Authorities are looking for a flight attendant who fled LAX Friday night, leaving behind 60 pounds of cocaine and Gucci shoes (as one does).
Flight attendants and pilots can become Known Crewmembers, where they don’t have to go through normal security screening to enter the secure area. Instead they just enter through the typical TSA exit, and have to present two forms of identification. Of course they can also be subjected to extra screening, either randomly or because of suspicious behavior.
Known Crewmember checkpoint (photo credit: ALPA)
That’s exactly what happened at LAX Terminal 4 this past Friday night, as a flight attendant was about to take American flight 28 from Los Angeles to New York. Per NBC News:
Flight attendants and other crew members are not normally subjected to searches. But the suspect was pulled aside by Transportation Security Administration officers for a random screening in Terminal 4, the sources said.
The woman, who was not identified, appeared nervous and made a cellphone call in a language not recognized by officers, authorities told NBC News. She was then taken aside to a secondary screening area and asked for her employee identification.
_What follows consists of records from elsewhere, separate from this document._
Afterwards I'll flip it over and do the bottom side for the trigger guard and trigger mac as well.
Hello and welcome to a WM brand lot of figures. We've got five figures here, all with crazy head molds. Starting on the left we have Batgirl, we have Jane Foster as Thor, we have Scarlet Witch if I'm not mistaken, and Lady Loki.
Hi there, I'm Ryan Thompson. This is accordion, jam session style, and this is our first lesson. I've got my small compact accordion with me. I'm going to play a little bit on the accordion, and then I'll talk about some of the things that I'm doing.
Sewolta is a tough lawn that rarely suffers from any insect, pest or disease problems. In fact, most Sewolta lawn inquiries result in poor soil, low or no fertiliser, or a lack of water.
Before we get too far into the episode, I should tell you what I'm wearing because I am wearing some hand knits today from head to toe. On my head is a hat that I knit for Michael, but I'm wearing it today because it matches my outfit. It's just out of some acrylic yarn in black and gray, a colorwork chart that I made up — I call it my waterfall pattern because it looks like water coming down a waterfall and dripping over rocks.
Suddenly, she bolted from the screening location, running with her bags toward an escalator, authorities said. She jettisoned the luggage and her designer shoes and fled the terminal.
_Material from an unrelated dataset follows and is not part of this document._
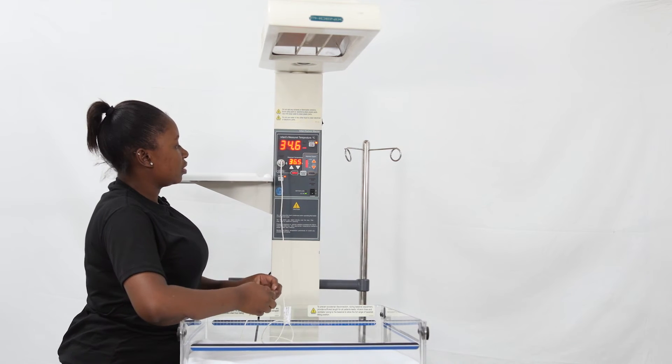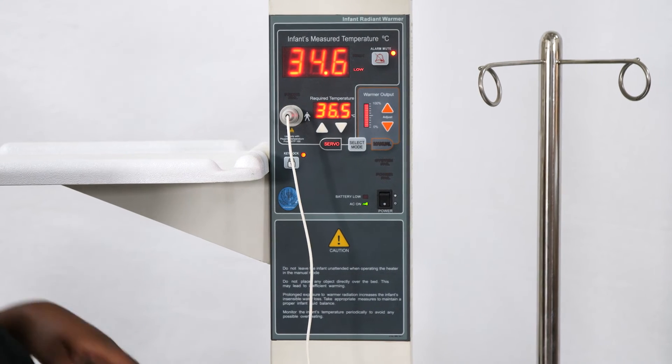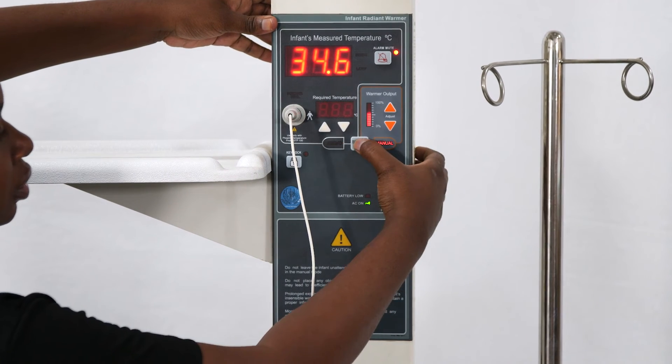Now let's look at how manual mode works. To switch back, first turn off the lock. Then press select mode and you're back into manual.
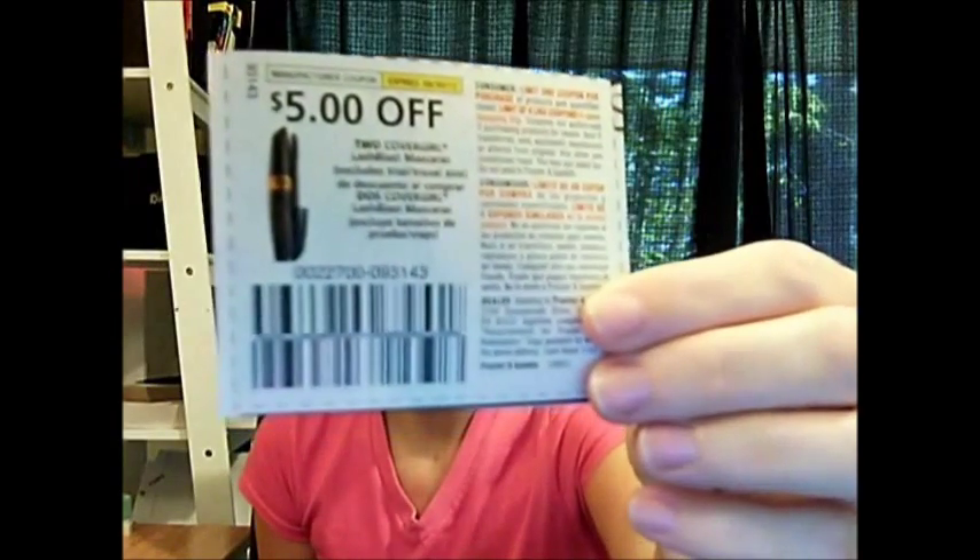Coupons cannot be redeemed for more than the item price. Everything in the store is already a dollar. So if you have a two dollar coupon, it will only take off a dollar. The cashiers will usually adjust it for you. For example, this coupon is five dollars off any two CoverGirl items. Two items at the Dollar Tree is going to be two dollars. So if you use this coupon, you're going to lose out on three dollars because they won't give you that back — they'll just readjust it to two dollars off. You still get two free products, but you don't get that extra three dollars. Any coupon that goes over the value will be adjusted down to only give you a dollar off per item.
I’m not sure what exactly is suspicious about making a phone call in a language a TSA agent didn’t recognize (presumably anything other than English or Spanish), but the rest of it does seem a bit strange, like the flight attendant having two rollaboards.
It seems she didn’t think that through so well, since that is more than usual, and presumably would make the TSA more suspicious. While plenty of flight attendants have one rollaboard and then a few bags strapped onto it, two rollaboards seems unusual (though perfectly logical if you’re trying to transport 60 pounds of cocaine without breaking a sweat).
I also assume that authorities have info about her identity, given that she had to present ID to get through the checkpoint.
I wouldn’t be surprised to see flight attendants trying to smuggle on an international flight (where there’s presumably at least a lot of money in it for the person doing the carrying — maybe I’ve watched too many episodes of “Locked Up Abroad”), but 60 pounds of cocaine on a domestic flight? Sheesh!
There’s video footage of the incident, though it hasn’t been released to the public yet.